Praise G-D! I'm ready!

Thursday, December 31, 2009

My wish in the dead of night and my prayer in the light of day...

To be in that place where it's just you and me

Breathing together...
Dancing together...
Laughing together...


Looking so deep into each others' eyes that I lose all thought of another life

That I forget what was once important to me

That I forget about all the worries and strife

To be in a kingdom that is not of this world

This is my hearts' deepest desire...
The prayer I pray with ever breath I take...


To be in that place that He has prepared for me

For I am an alien here...

I do not belong to this world,
and I do not wish to be in it!

But I want to carry out the plan that He has set before me...

I will strive to be a servant to the most high King from this earth...

To live in this place and carry out the purpose that He has created me for.

To cry out to the mountains that He alone is the soverign Lord!
That He alone is the one I sing praises to...
He alone is the one that I love...
He alone holds my heart...
He alone knows number of hairs on my head,

the number of tears that I cry...

He holds them all, and He sheds the same tears for me...

He heals the broken hearted and holds high the one that has fallen

I run, but where can I run that is out of his sight?

I cannot run from His persistent love... It overwhelms me!

It is like an ocean crashing all around me...
taking my breath away from me so I am gasping for air...

and He is the air that brings relief to my empty lungs...

He is the one who's majestic beauty knocks me to my knees!

He is the one who's mercy lifts me up each time I stumble and fall!

He owns me! No one can take me from His presence.

I am my Beloved's, and He is mine!

Monday, November 2, 2009

Sonic Slushes and the Voice of G-D

Sonic Slushes and the Voice of G-D

Gathered around a table at Sonice, huddled under coats and blankets, sipping on slushes and munching on fried foods, the Fusion 7th grade girls were asked several questions based on hearing the voice of G-D.


When asked if they had ever heard the voice of G-D, some raised their hands, others hesitated. What exactly did it mean to hear the voice of G-D? How did people hear the voice of G-D? When explained that hearing the voice of G-D is anything from hearing an audible voice, or something as simple as a gut feeling... the rest of the girls said that they too had heard the voice of G-D.
Some girls heard the voice of G-D while worshiping. Others, in dreams. Still others felt they "heard" his voice when struggling with a decision; knowing the right thing to do when they want to do something else. A few girls said that they had heard the voice of G-D through prophecies.

As the girls shared their stories of hearing G-D's voice, I took the time to just stop and reflect.

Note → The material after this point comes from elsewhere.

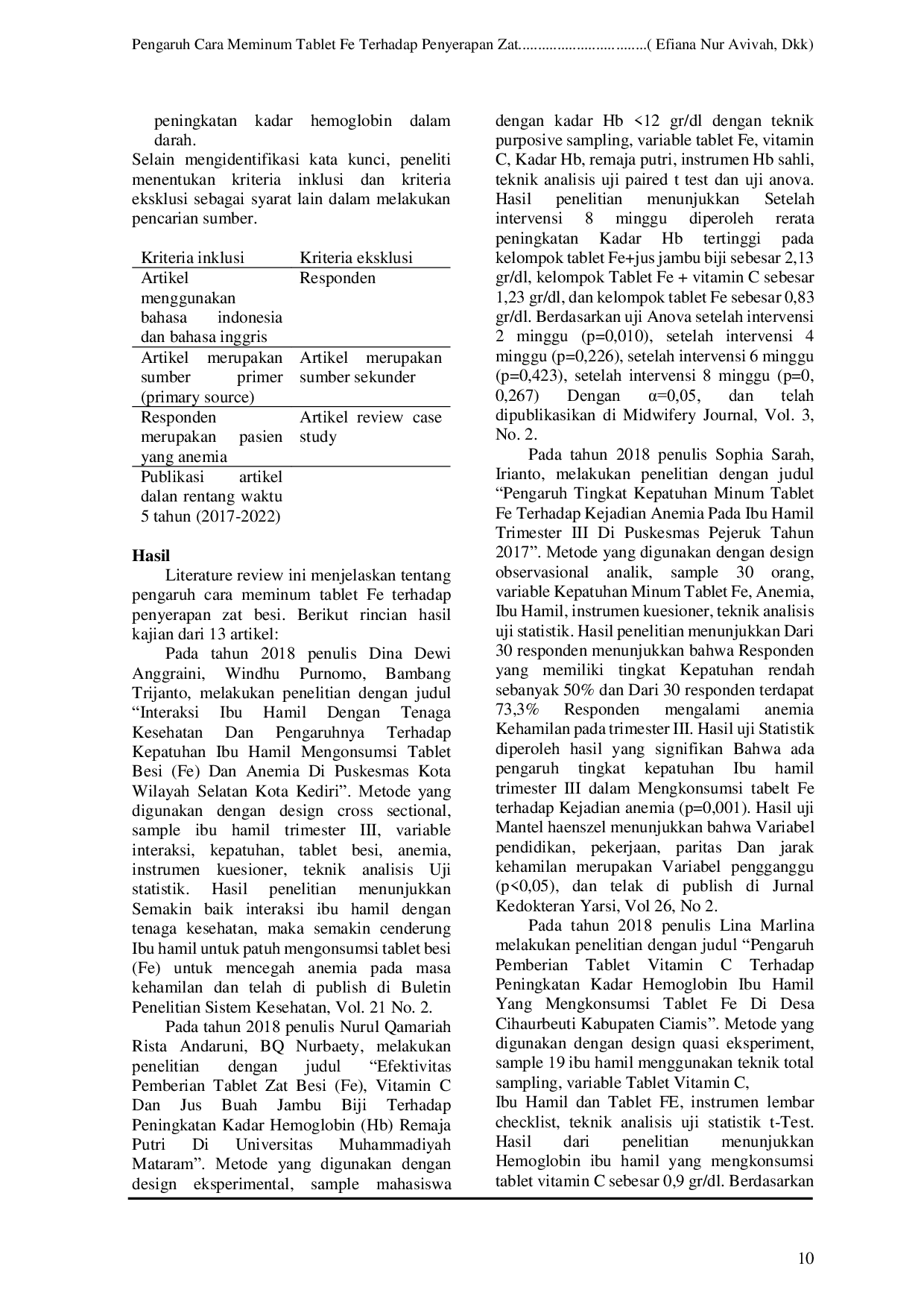 JURIS Pengaruh Cara Meminum Tablet Fe Terhadap Penyerapan Zat Besi Pada Ibu Hamil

How have I heard the voice of G-D? I've never had dreams that I felt were of G-D. I've never heard the still small whisper. How have I heard His voice?

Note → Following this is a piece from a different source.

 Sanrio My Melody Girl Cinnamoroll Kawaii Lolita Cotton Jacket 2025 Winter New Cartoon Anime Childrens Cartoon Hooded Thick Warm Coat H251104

When I'm in my car with the windows down and the heat on full blast in the dead of winter.


When I'm listening to an epic song.


When I'm dancing like an idiot with my sister to the dumbest songs you've ever heard.


When I'm looking at the sky feeling awed by the incredible artistic nature of our G-D.


When I'm discussing evolution over chai lattes.


When I'm snuggling with the most precious little ones.


When I'm hugging orphans.


When I'm witnessing the most beautiful sunsets imaginable.


When I'm looking out over an immense, seemingly endless ocean.


When I'm standing in the warm summer rain.


This is how I hear G-D.


Thank you G-D. Thank you for allowing me to have those moments in which I have heard your voice. May I never forget those times. May I never forget the power displayed, and the feeling of being so small. May I never forget your faithfulness. May I never doubt your love for me.
May I hear your voice every day of my life. As I struggle to turn away from the things which tempt me. As I am surrounded by the love and support of family and friends. As I experience joy in the little moments.